"Wait," she said. "The taskbar search box just... disappeared."
And somewhere in a Microsoft product meeting, a telemetry alert flickered—just one missing node out of a billion. A ghost in the machine.
"Oh my God," she whispered. "It's like someone removed a curse." chris titus debloat windows 11
Chris Titus leaned back in his chair, the glow of three monitors washing over his ever-present hoodie. He’d heard this before. A thousand times before. Windows 11 had become a digital mall: flashy storefronts, unwanted kiosks, and background processes hawking weather reports, news alerts, and "suggested" icons for apps that didn’t exist yet.

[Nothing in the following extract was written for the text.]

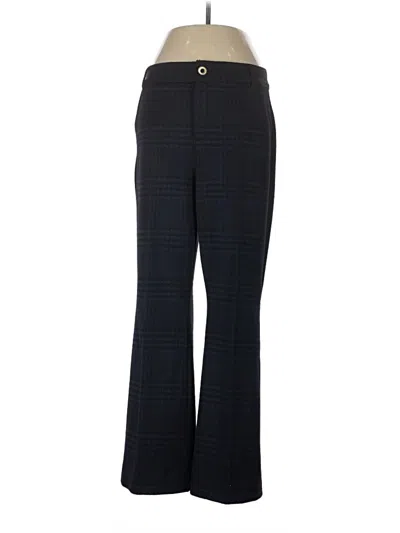 Pre-owned Cabi Dress Pants In Blue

That night, the woman sent Chris a donation via GitHub Sponsors. She also sent a screenshot: her Task Manager, idle CPU at 0%, memory usage at 1.8GB. "Wait," she said
When the laptop came back up, the Start menu was clean. No "Get Started" tips. No "Gaming Recommendations." No "Sign in to Microsoft to finish setting up your PC."
"No."
The woman at the end of the support line sounded desperate. "It takes forty-five seconds to open a PDF," she whispered, as if her laptop might hear her and slow down even more. "The Start menu recommends candy crushes. I have never played a candy crush."